Pero lo que me duele profundamente en el corazón es la imagen que se está dando de un país, que si, que a nivel político parece haberse visto superado por el fenómeno de la inmigración, pero que a nivel humano muestra otros muchísimos ejemplos de convivencia que por supuesto, por no ser polémicos, no han llegado a otros países...

Conozco mucha gente de esa parte del mundo (parte sur de américa...) totalmente integrada en este país, felices acá... Quizás coman silpanchos, o arepas, o yuca, pero a todos los demás efectos, españoles de a pie. Exactamente como yo.

Claro que debemos unirnos ahora y siempre ante el racismo. Por eso me inquieta percibir como esta agresión se está utilizando por algunos grupos (de inmigrantes...) para separarnos mas. Eso es muy peligroso.

Sandra dijo...

Afortunadamente existen muchos ejemplos de integración plena de inmigrantes en España dignos de mencionar pero, lejos de parecer catastrofista, se avecinan malos tiempos para este fenómeno. El Gobierno de Zapatero ha puesto en marcha unas Políticas Sociales a favor de los inmigrantes que lejos de provocar la tan deseada integración lo que han conseguido es crear desconfianza entre los nacionales. Este tipo de políticas se implantaron hace años a favor de la etnia gitana y cuando yo era pequeña ya a los niños se nos enseñaba que dichas personas de etnia gitana conseguían determinados beneficios como una casa o un empleo sin merecérselo y en detrimento de los españoles. En los últimos tiempos he vuelto a escuchar tales comentarios de manera cada vez más frecuente pero dirigidos a los inmigrantes. Debido a mi profesión me tengo que relacionar con personas de otros países, incluso he conocido a muchas de Cochabamba(jugarretas del destino que me impiden olvidar cosas que debería haber dejado atrás)y compruebo día a día la discriminación que sufren, y no me refiero sólo a discriminación por parte de la población de a pie. Tengo como compañeros a profesionales que, si bien por la propia ética de su profesión deberían ser los primeros en apostar y luchar por la igualdad y una integración de culturas pacífica, opinan que las diferencias entre personas de distintos países resultan irreconciliables.
Estoy completamente de acuerdo contigo Fadrique en que el miedo a lo diferente ejerce mucho poder entre las personas, de cualquier nacionalidad.

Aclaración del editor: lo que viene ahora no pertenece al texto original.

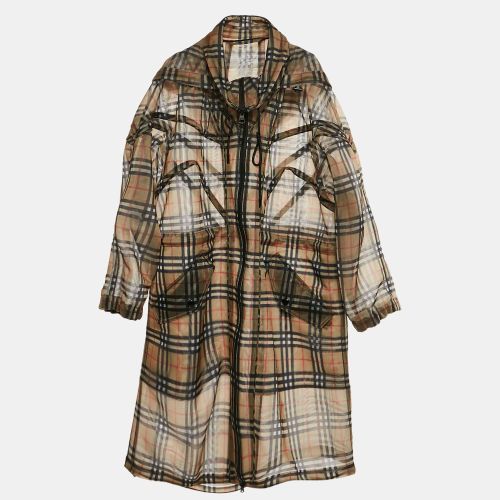 Tartan Check Tulle Zip-Up Parka Coat M - Burberry - Modalova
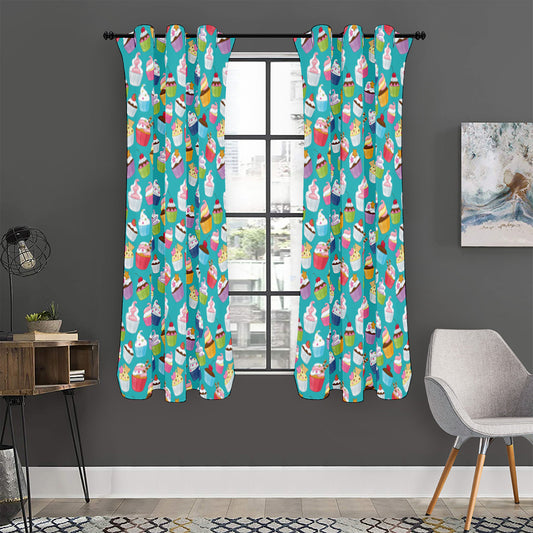 Cartoon Cupcake Pattern Print Curtain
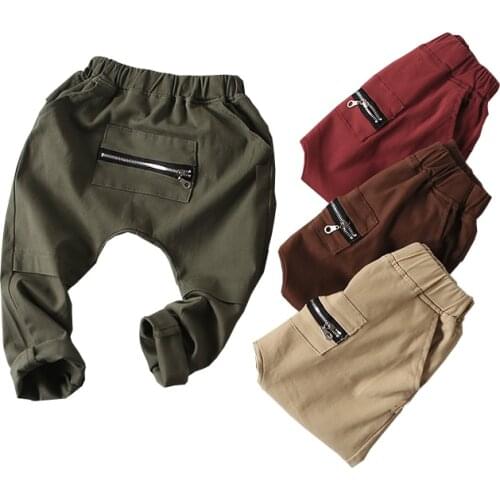 Children Pants Kids Spring Autumn cotton clothing trousers for baby boys Pants woven solid zipper green brown red fashion 2020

Fadriqve Iglesias Mendizábal dijo...

Julieta: Lógicamente yo casi invito a entrar en más estereotipos sin querer, lógicamente no todos ni la mayoría de los españoles son así, de hecho, he conocido gente como vos o como los amigos de Runners que son todo lo contrario, súper abiertos con los sudamericanos, y se siente bien. Y claro que hay gente perfectamente integrada, uno de ellos es mi ex compañero de habitación en Valladolid, el nadador Mauricio Prudencio, que ya es patrimonio de Pucela.

Sandra:

Es un tema complicado sobre todo si no se ha hecho nada previamente. Este "problema" debió detectarse hace tiempo y ahora sólo se reacciona. No se piensa en políticas sociales en los países de origen, se gigue protegiendo excesivamente a los agricultores en la UE y todo eso de los aranceles... Lamentable.
Y sí creo que hay modelos de integración. En EEUU hay partes desvertebradas, pero también hay casos exitosos... podemos integrarnos.